DVD Notes: The DVD is chaptered by segment, with no individual chapters within segments. The main menu allows you to play all or choose your segment; there’s also an intro with Petra.
Comments: Don’t have 80 minutes? This is easy to break up. You could add on one or even two segments before or after your cardio, for example, or you could split it up to give you two weights workouts for your week (e.g. do Upper Body & Lower Body, then a couple of days later do Total Body & Core, for workouts of 52 min. and 42 min., respectively, with warm-up and cool-down).
I have to say that this workout is a little more interesting when done with tubing, because the dumbbell exercises are many of the same ol’ same ol’. I personally enjoy the balance challenges and stabilization work in the lower body segment, especially since I need that sort of thing to keep old knee and ankle issues at bay. I wasn’t expecting this more functional bit after the fairly straight-forward upper body; what a pleasant surprise!

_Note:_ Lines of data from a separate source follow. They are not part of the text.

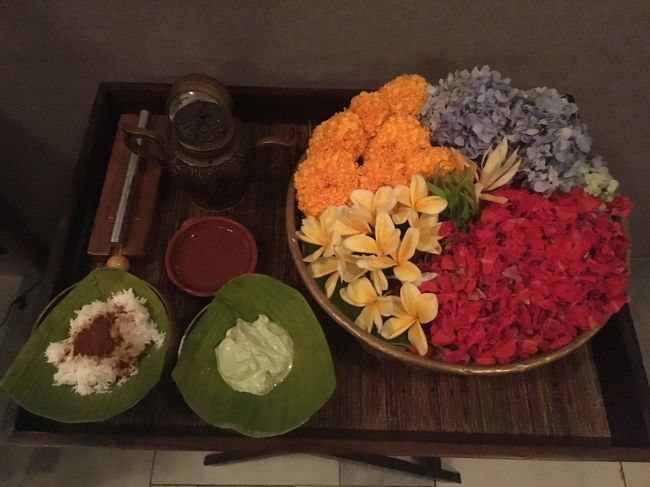 いよいよスパの始まりです<br />マニスクレポンコース<br />【 メニュー内容 】<br />●ダラ・フット・リチュアル<br />●ココナツとパームシュガーのボディ・スクラブ<br />●パンダン・リーフ・ボディ・マスク<br />●バリニーズ・マッサージ<br />●バリニーズ・セブン・フラワーズ・バス 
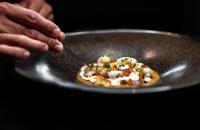 Φαγητό σε αυτό το ξενοδοχείο ή κάπου εκεί κοντά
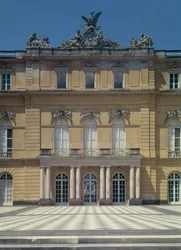 Der Marmorhof, entworfen von Georg Carl Heinrich von Dollmann (Foto)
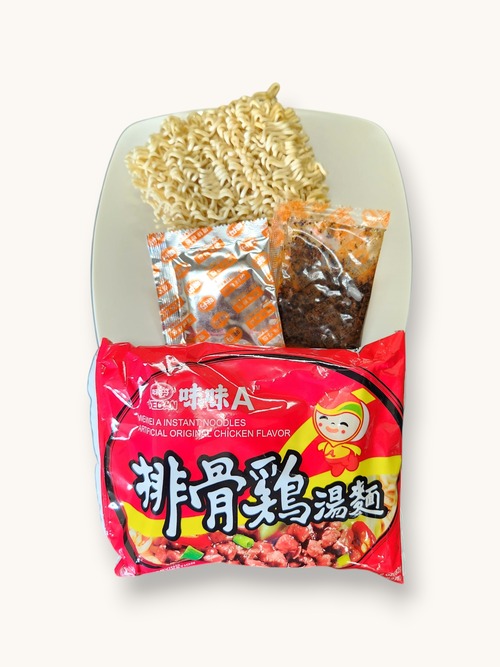 味味A　台湾ラーメン　チキン味（排骨雞麵）82g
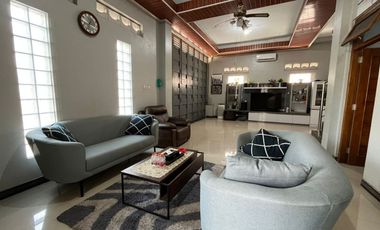 DIJUAL RUMAH DAN RUANG USAHA DI BANYUANYAR SURAKARTA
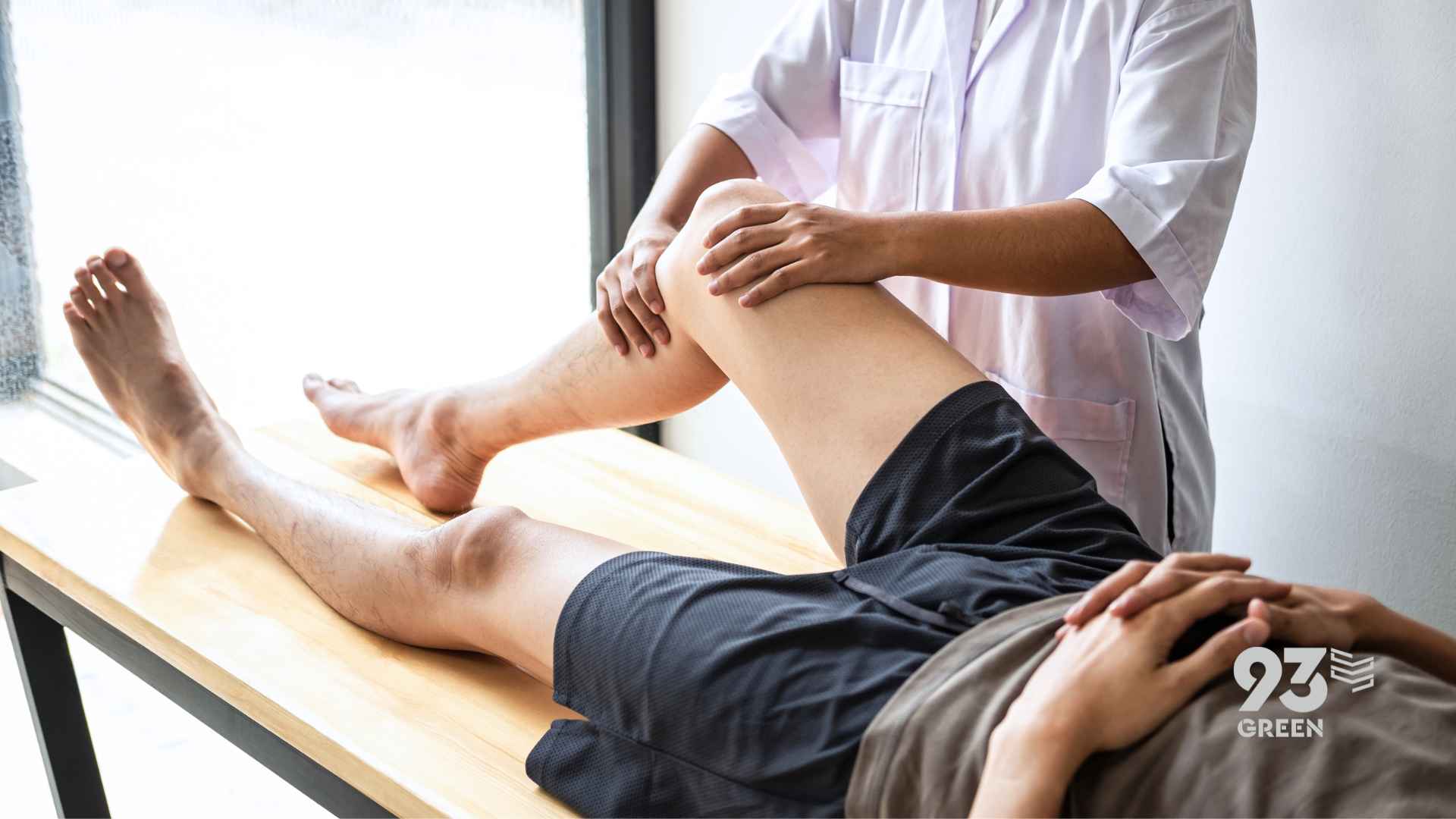Knee injury rehabilitation - Support recovery with 93Green
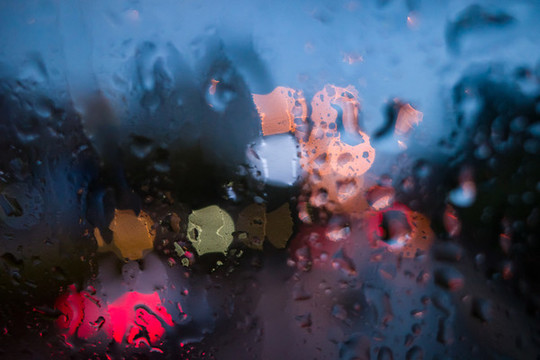 五彩斑斕的雨后光斑
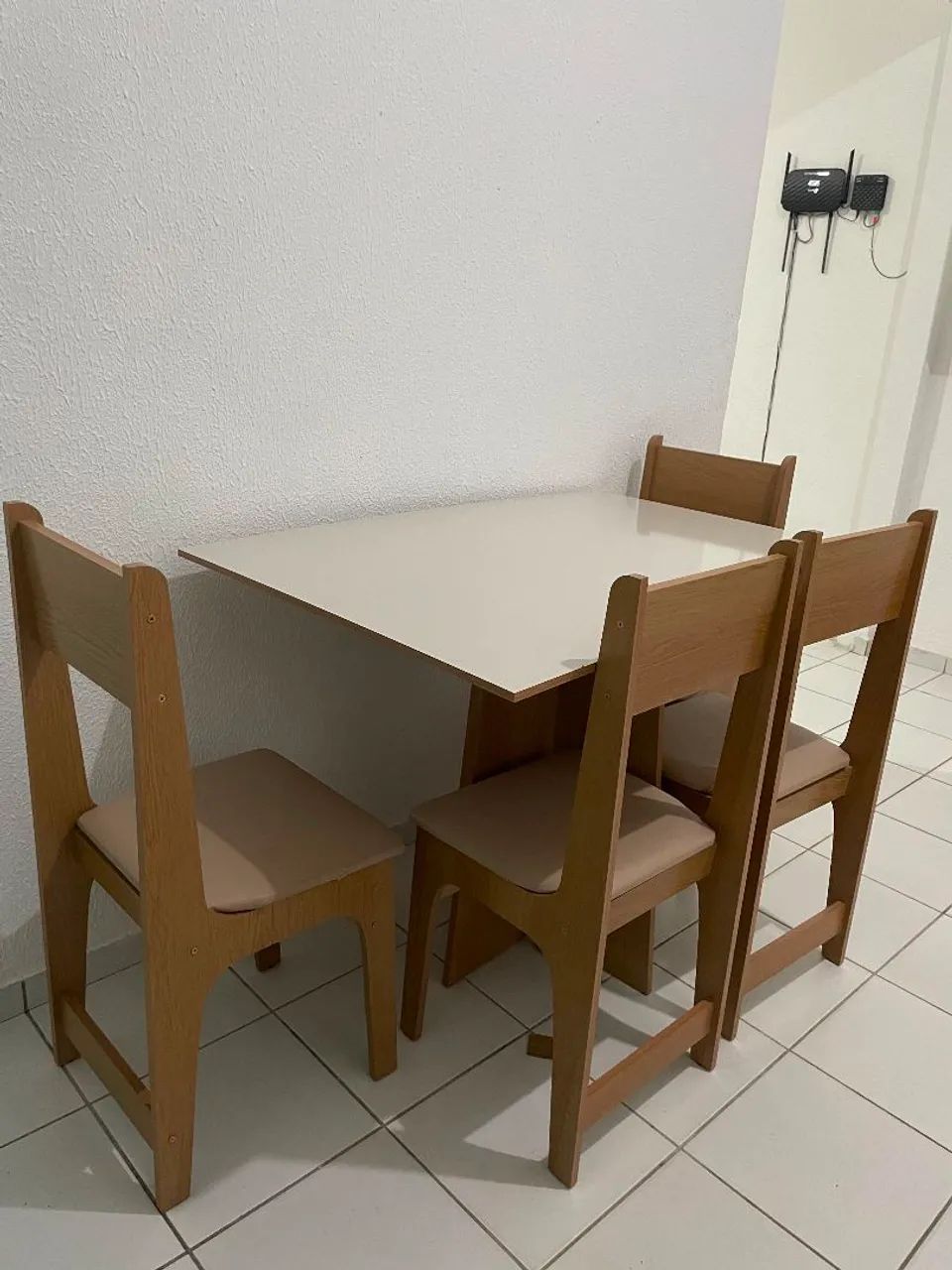Mesa de Jantar Com 4 cadeiras em MDF - Foto 2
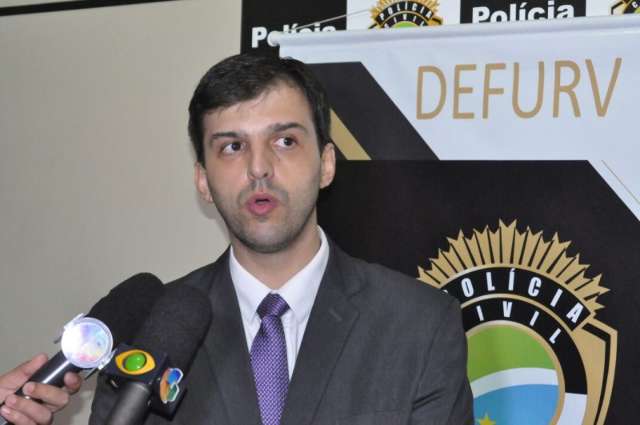 Dupla &eacute; presa acusada de roubar carros para &quot;pegar&quot; celulares na Capital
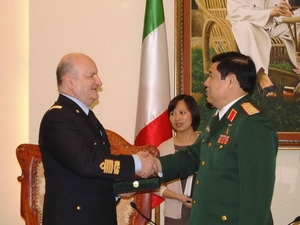 ທ່ານລັດຖະມົນຕີ ຟຸ່ງກວາງແທງ ຕ້ອນຮັບເລຂາທິການໃຫຍ່ກະຊວງປ້ອງກັນຊາດ ສ.ອີຕາລີ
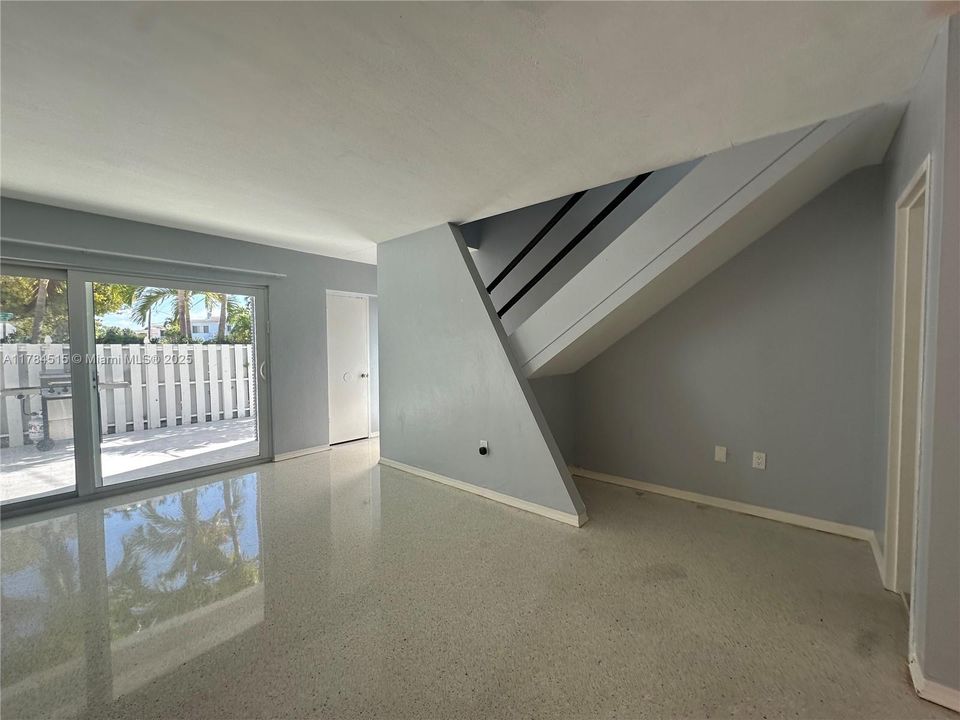 最近租的: $4,195 (3 贝兹, 2 浴室, 1632 平方英尺)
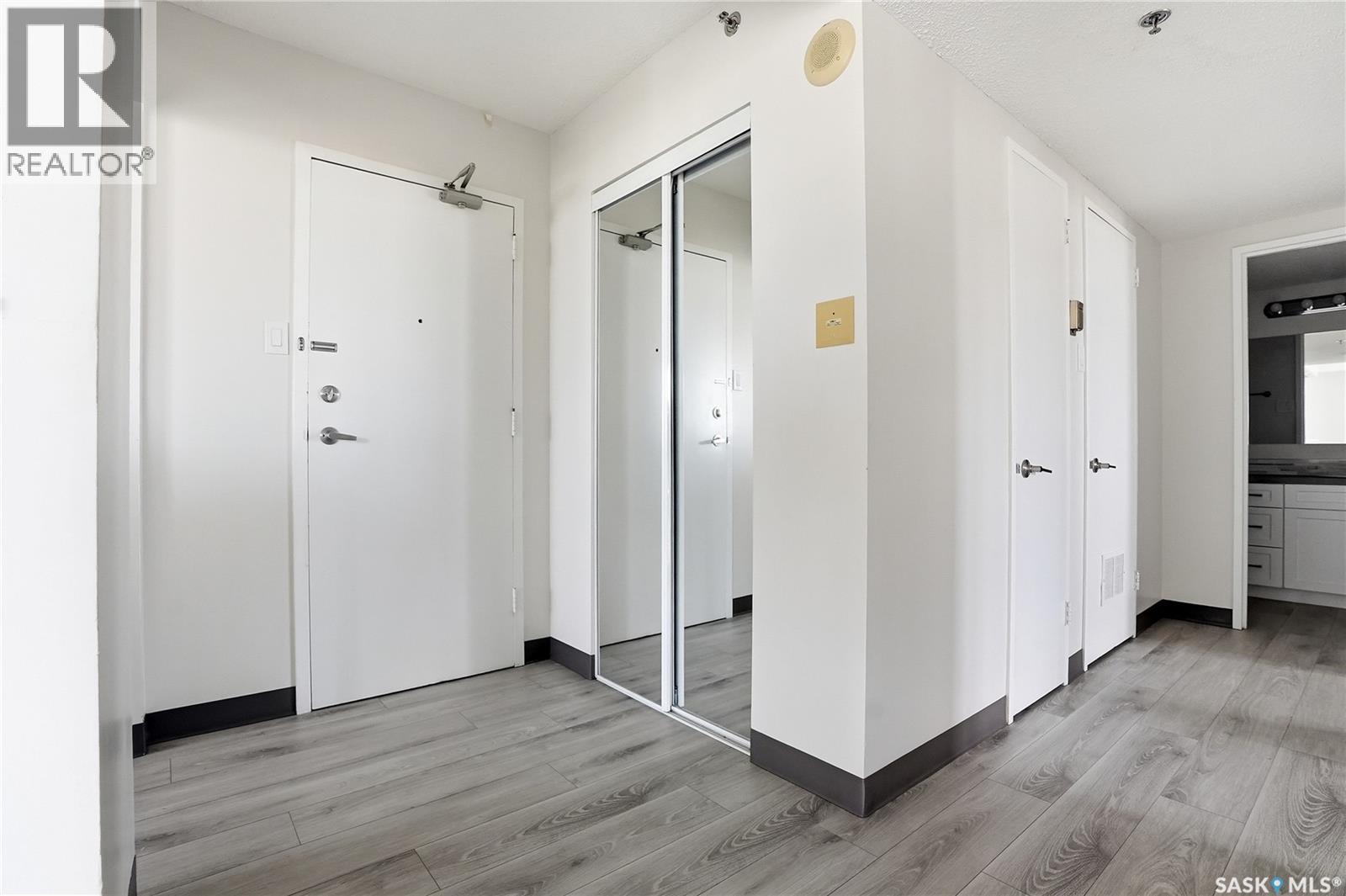 #2102 320 5th AVENUE N - 4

The format of Streamlined Strength is almost identical to Minna Lessig’s Tank Top Arms, Bikini Belly, Boy Shorts Bottom, but SS is more conventional in its exercise choices, more efficient, and more challenging. SS requires more equipment, however. I’m glad I upgraded to this one, however; I personally will get more use out of this one because it can be more intense than Minna’s.
Petra is very friendly and easy-going. She’s on the chatty side, but it’s almost all about the workout: primarily form tips and reminders, but there’s some instruction and encouragement, too. More experienced exercisers may not be as appreciate of Petra’s attention to instruction as less experienced, since some of it is on the basic side, but fortunately she rarely stops the action to set up, demonstrate, or teach a move.